Toda cafetería británica sabe que el té no lleva demasiada leche; que los huevos revueltos se preparan bien aguaditos y la tocineta, semi tostada. Pero no es solamente el respeto a las cocciones lo que me atrae de esta nación; como historiador, disfruto observar, así sea a través de los gestos más mínimos, el fetiche de los británicos por la rutina y el exacto proceder de las cosas.
En un siglo de poderosos aires de cambio, de movimientos ambientalistas y de género, United Kingdom intenta acomodarse entre la renovación y su siempre té de las cuatro.
La monarquía, vale decir, no es excepción.

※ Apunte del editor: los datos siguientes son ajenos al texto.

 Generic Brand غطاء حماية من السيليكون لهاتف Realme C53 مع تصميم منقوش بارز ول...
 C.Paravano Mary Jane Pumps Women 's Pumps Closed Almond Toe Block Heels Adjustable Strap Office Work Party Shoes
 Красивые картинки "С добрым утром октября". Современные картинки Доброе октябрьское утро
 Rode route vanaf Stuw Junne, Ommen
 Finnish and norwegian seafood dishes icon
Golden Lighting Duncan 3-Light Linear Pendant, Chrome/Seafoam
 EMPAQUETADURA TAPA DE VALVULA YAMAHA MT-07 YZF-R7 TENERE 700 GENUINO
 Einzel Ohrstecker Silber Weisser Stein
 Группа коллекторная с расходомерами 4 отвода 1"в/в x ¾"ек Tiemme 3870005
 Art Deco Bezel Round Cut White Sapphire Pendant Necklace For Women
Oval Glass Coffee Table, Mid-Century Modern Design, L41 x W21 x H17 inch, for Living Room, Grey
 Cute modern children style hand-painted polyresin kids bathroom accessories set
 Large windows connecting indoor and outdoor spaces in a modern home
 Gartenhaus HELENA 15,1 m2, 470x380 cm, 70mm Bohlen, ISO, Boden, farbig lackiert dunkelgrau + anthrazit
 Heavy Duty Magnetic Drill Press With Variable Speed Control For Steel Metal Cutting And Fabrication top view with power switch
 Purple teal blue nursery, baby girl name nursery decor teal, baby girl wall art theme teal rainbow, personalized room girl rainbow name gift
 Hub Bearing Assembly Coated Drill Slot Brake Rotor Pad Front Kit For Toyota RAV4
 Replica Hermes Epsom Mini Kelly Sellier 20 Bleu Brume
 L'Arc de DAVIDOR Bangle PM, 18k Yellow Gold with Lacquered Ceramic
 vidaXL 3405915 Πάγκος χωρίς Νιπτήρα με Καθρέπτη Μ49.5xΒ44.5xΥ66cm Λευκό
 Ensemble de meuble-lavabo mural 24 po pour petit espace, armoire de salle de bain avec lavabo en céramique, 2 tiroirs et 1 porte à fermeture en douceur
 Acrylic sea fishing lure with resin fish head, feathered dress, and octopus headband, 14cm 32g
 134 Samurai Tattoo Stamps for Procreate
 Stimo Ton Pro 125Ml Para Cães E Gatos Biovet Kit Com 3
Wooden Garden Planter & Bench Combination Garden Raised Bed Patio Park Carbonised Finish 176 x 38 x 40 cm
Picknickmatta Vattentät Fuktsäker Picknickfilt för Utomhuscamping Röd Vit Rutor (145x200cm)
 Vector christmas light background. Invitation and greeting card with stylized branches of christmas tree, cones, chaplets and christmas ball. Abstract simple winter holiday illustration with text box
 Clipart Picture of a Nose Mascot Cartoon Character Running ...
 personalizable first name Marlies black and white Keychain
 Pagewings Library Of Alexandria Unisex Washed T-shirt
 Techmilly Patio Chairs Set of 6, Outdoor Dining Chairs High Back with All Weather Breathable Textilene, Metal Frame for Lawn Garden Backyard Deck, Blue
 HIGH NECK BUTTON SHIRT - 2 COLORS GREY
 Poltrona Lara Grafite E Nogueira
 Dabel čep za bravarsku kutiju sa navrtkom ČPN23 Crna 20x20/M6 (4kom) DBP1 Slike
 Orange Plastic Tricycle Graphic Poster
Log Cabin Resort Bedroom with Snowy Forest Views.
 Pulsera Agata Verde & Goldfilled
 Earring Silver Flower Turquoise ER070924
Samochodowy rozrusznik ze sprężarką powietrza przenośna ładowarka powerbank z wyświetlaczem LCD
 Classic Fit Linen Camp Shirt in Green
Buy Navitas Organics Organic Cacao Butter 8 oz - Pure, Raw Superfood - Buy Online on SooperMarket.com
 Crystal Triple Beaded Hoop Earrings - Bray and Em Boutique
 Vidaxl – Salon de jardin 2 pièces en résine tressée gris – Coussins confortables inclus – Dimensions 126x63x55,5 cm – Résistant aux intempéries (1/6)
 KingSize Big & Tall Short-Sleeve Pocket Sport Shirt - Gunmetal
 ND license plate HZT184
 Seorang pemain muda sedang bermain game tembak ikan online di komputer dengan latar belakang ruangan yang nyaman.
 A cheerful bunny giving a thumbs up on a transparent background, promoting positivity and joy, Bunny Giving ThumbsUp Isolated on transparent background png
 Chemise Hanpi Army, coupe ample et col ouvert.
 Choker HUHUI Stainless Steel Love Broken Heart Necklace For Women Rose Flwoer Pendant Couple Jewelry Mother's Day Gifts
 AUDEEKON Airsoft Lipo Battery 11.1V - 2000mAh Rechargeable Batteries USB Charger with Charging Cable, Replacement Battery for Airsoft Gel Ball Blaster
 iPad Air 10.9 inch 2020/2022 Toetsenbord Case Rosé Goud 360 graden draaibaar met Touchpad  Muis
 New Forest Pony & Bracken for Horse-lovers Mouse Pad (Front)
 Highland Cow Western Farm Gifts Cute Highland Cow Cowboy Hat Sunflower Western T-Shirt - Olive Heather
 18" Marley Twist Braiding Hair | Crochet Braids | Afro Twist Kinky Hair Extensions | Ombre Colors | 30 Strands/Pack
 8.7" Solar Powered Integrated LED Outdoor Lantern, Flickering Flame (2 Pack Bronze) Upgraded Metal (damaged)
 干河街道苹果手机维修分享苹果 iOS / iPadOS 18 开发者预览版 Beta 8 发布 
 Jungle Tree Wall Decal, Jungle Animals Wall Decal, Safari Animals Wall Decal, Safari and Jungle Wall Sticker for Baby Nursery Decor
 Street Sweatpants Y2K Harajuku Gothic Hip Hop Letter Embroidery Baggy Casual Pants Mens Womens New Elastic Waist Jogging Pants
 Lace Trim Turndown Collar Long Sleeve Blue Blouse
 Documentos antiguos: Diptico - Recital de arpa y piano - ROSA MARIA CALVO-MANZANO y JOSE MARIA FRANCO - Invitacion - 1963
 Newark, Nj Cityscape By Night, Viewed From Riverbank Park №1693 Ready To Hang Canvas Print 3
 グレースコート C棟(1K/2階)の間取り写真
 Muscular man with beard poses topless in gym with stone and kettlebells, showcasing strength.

“The Crown” de Netflix, temporada 4. Olivia Colman en el papel de Queen Elizabeth II
Desde 2016, setenta y tres millones de usuarios se han volcado a las pantallas de Netflix para mirar The Crown, serie que narra los diversos epicentros históricos de la reina con mayores años de estancia en Buckingham Palace: Queen Elizabeth II. A través de cuatro temporadas, hemos visto a la monarca en facetas anteriormente desconocidas; desde reír y llorar, hasta parir y cepillarse los dientes. Con una impecable atención al detalle, el show nos ha convertido en los Michael Fagan de los tiempos actuales. En contraposición o no de quienes portan la sangre azul inglesa, ahora todos tenemos acceso, aunque sea de manera ficticia, a los dormitorios de la reina.
Pero, ¿serán nuestras milenarias intenciones de chisme la carta maestra que garantiza el éxito constante de The Crown? ¿Será que nos hemos introducido en la vida de los Windsor cual caballos de Troya para darle voz al silencio? ¿A qué se debe tanta fascinación de nuestro lado y cuáles podrían ser las posibles consecuencias en el futuro de dinastía británica?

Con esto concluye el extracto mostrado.